Ultima Business Solutions has hit the 50% recurring revenue milestone, CEO Scott Dodds revealed as he discussed its South Africa nearshore move, its clean sweep of the TePAS 2 framework and his most respected peer.
Four years ago, the Reading-based outfit was still an “old-school reseller with a bit of services”, drawing just 10-15% of its top line from recurring managed services revenue, Dodds told IT Channel Oxygen.
“We will be upwards of 50% recurring by the end of this year, and meanwhile our revenues are holding up at the £130m mark, and growing,” he revealed.
“The way we position ourselves now is we talk about being part of a new generation of AI-powered technology service providers.”
South African switch
After Just After Midnight handed it offshore operations in Australia and Singapore, Ultima has since added service capability in the US and now Cape Town, with the latter set to host 50-60 Ultima staff by April.
“These are all service-related investments. We are not selling products in these places, so that’s a big shift for us. We will be 550 people plus by the end of this year in multiple locations around the world, but still centred on the UK,” Dodds said.
Nearshoring to South Africa is a well-trodden path for UK MSPs, with Computacenter and IT Lab/Content+Cloud among those to have made big investments in the country.
“Clearly, we looked around the world, and South Africa came out on top on a number of things. The timezone helps, as well as the skill levels and available resources,” Dodds said.
“You know what the skill shortage is like in the UK and around the world.
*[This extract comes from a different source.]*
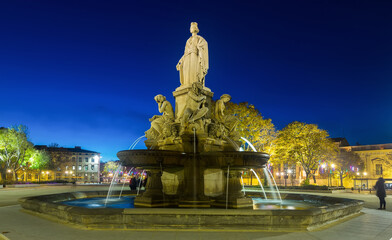 Image of Fontaine Pradier in Nimes at night illuminated, France.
As we win more and more services for our customers, this gives us that safety net to make sure we can deliver those services.”
Ultima achieved what some of its larger peers did not last month when it pulled off a clean sweep of all eight Lots of the £12bn Technology Products & Associated Services 2 framework.
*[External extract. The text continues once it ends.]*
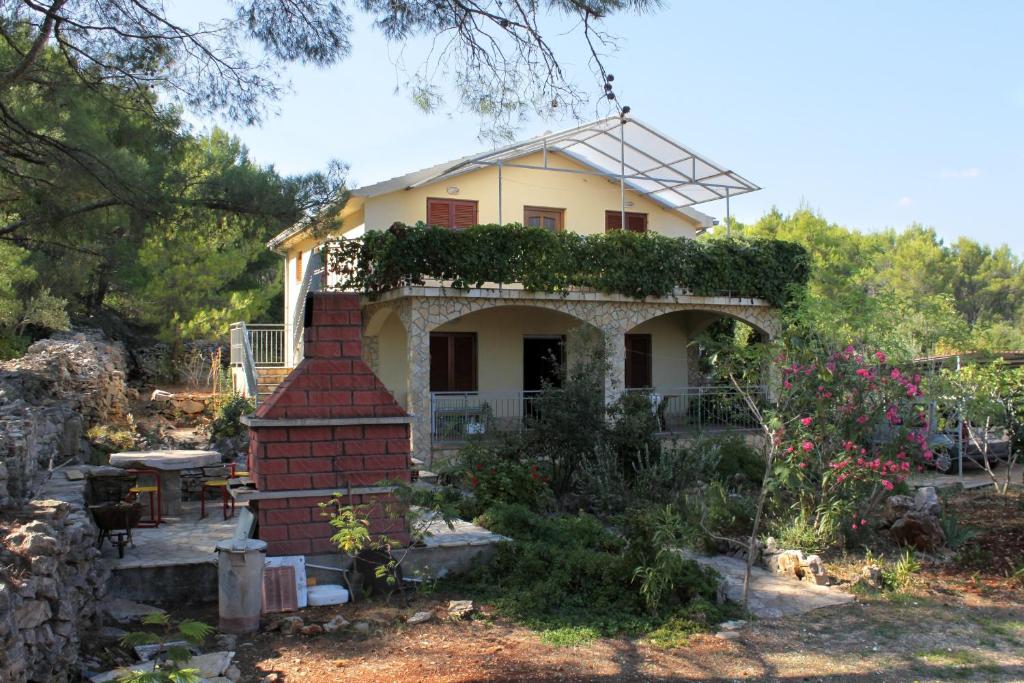 a house with a brick chimney in a garden at Apartments with a parking space Mudri Dolac, Hvar - 4043 in Vrbanj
This will hand it more opportunity to sell its managed services into the public sector, Dodds said.
“You don’t get on these frameworks in five minutes – it took 18 months-plus to get everything in place,” he said.
“We’ve had a very long relationship with a bunch of different healthcare and local government departments for many years, so it’s just using that now to drive a wider capability into that public sector space.”
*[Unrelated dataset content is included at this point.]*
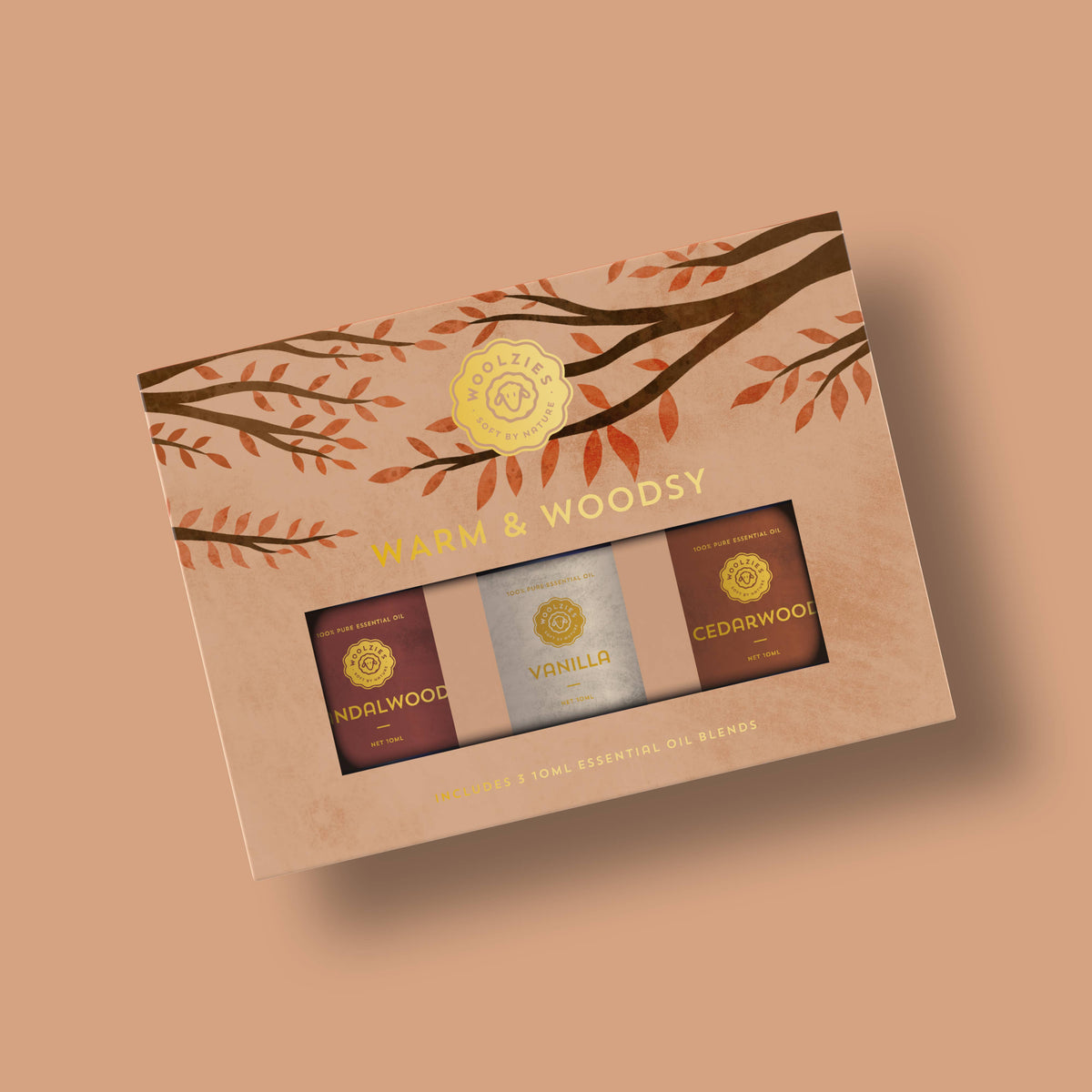 The Woolzies Warm & Woodsy Collection boxed set features vanilla, sandalwood, and cedarwood essential oils. The brown packaging shows leaf illustrations and displays the Woolzies brand logo.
Ultima got an early foothold in the AI and automation market when it set up Ultima Labs in 2019, with data and AI now being one of its four key practices alongside workspace, cloud and security.
With Ultima being an early-access partner for Microsoft Copilot, Dodds is now an active user of Microsoft 365 Copilot.
Does the GenAI opportunity go beyond the buzz and translate into genuine customer interest?
“We’ve only been using [365 Copilot] for a couple of weeks in anger, and it’s extraordinary. In terms of content generation, triaging hundreds of emails, summarising and responding, it’s unbelievable,” Dodds responded.
“I was selling the story of productivity at Microsoft for many years. And frankly, you could argue that those productivity tools helped with lots of things, but certainly not with how long it takes to produce and respond to things.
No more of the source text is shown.